17 people in and on a little car can make a lot of noise at 2 in the morning and our behaviour was deemed unsuitable by a certain family known mainly for the grumpiness of the Mother and the number of young children in it and she complained bitterly the following morning. She did it very unpleasantly in the morning briefing and she did her best to humiliate us all publicly whilst she was doing it but fortunately J (he of the five oh photo) was running things. As an ex Royal Navy Engineering Officer not known for suffering fools gladly, or in any other way actually, and partial to parties himself he took great delight in reminding said grumpy mother about a number of occasions in the past where she had, apparently, been a little less than circumspect. I know we loved it and, judging from the laughter, so did almost everyone else there as well. I never hear Yellow Submarine now without a whole string of fantastic memories leaping into my mind. Small wonder that it's one of my all time favourite songs.

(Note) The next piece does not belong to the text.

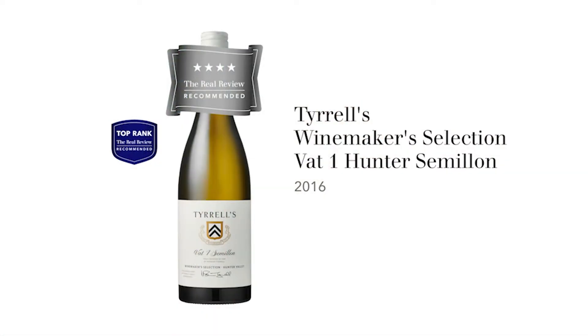The wine we're tasting now is Tyrell's Vat 1 Semillon 2016. It's a winemaker's selection wine, which means it's one of their top wines at Tyrell's. It's not cheap — it's $98. Tyrell's is of course one of the famous family wineries of the Hunter. It's been going for well over a hundred years, established in 1858, now in its fifth generation with Bruce and his son Chris working at Tyrell's.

Dylan's Rainy Day Woman (the party that brought up that first Real kiss and the shaky knees that can only happen in that way once in a lifetime), Tambourine Man (the after play party at the Gremlin Drive In in Harare when we had a sit down meal in the parking area using furniture looted from the play set), Tie a Yellow Ribbon (being played by a band at a TA Drill Hall where families were meeting a Company of Territorial Soldiers coming home from Call Up. I was on my way, as the Army Commander's representative, to a funeral for a Territorial guy who wouldn't be coming home), The Blue Danube Waltz (my first Regimental Ball in my Scarlets (Mess Dress), all the uniforms and the long formal ball gowns and the sound of the Regimental Band - wow), Yellow River (as played by the RAR Dance Band and sung with African accents, the fun and glamour of those Regimental Functions), Sweet Banana (the utter pride of marching off to the Regimental March at the Passing Out Parade for the Recruit Course thatI had trained) There are many tunes and each evokes it's own special memories of occasion, smell, atmosphere, fear, exhileration.
It's no wonder that music is so special to me.